Guayaberas have been worn extensively by a number of Latin American political leaders, including Andrés Manuel López Obrador, Cesar Chavez, Carlos Prío Socarrás, and Fidel Castro. This is often interpreted as a sign of the wearer's affiliation with populist political positions. Michael Manley, populist Jamaican prime minister, specifically advocated for the guayabera as an anti-colonialist mode of dress, and conversely the shirt was later banned in Parliament by the conservative Jamaica Labour Party. Similarly, Mexican left-wing populist Luis Echeverría advocated for its use in Mexico in part to symbolize rejection of European and American-style business suits.

U.S. presidents, including Ronald Reagan, George H. W. Bush, and Barack Obama, have worn the shirts as a sign of solidarity when visiting the Cuban community in Miami and when attending Latin American summits. Visiting politicians are sometimes given the shirts by Cuban American or Latin American political leaders.

==Similar shirts and alternative names==
A variety of similar, lightweight dress shirts exists in other tropical countries. These include:
- In the United States of America: the Western shirts with pointed yokes and elaborate embroidery were directly copied from the guayaberas of 19th century Mexican vaqueros.

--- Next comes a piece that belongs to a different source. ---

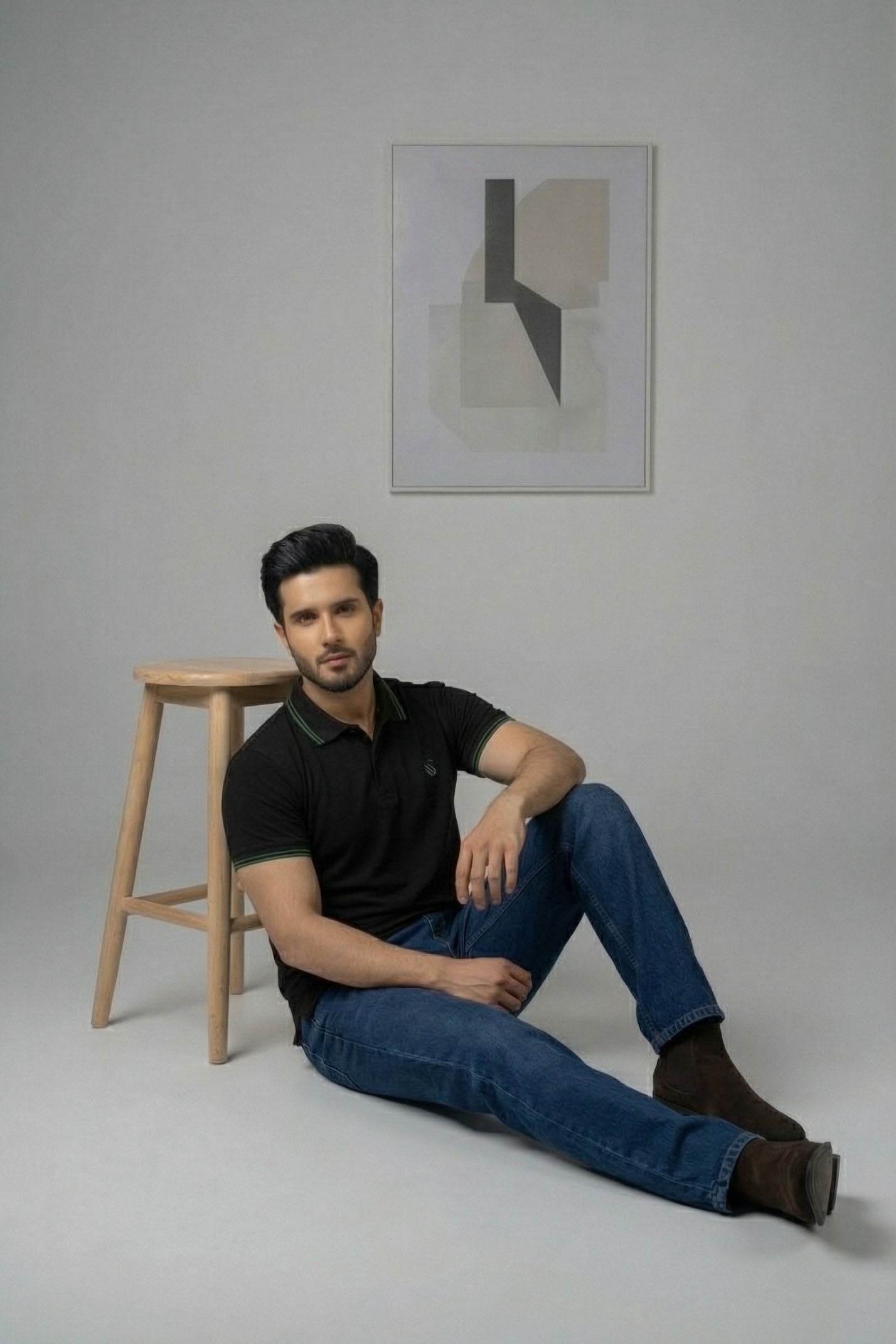 Black Tipped Collar Embroidered Polo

- In Guyana: a similar or identical shirt is called a "shirt-jac".
- In Jamaica: the guayabera is called a "bush jacket".

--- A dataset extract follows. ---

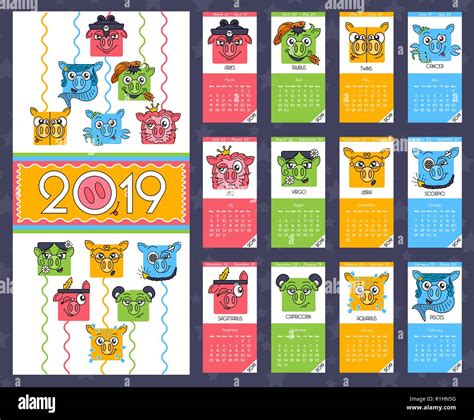 Funny Animal Stylized Monthly 2019 Calendar With Pigs The Year Of The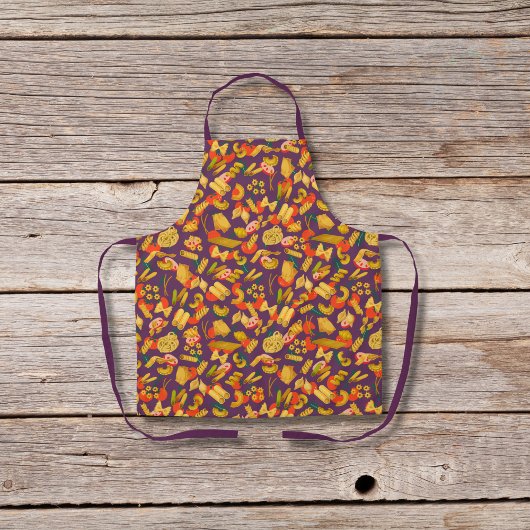 Pasta und lila Gemüse Schürze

- In the Dominican Republic: guayaberas are referred to as chacabana. They are worn for both formal and casual occasions. In tropical countries like the Dominican Republic, chacabanas are used for black tie events such as weddings, business meetings and even political events.
- In the Philippines: the baróng Tagalog shirt has some features which are similar to the guayabera: it is long-sleeved, light, traditionally white, and worn without being tucked in. However, the most traditional styles are decorated with U-shaped embroidery (the pechera), rather than the guayabera's straight pleats, and lack pockets. It is also traditionally made of hand-woven, fine, and translucent piña or jusi cloth.
- In Trinidad and Tobago, physicians often wear them because of their practicality; one pocket for pens, one for a prescription pad, another for a stethoscope, etc.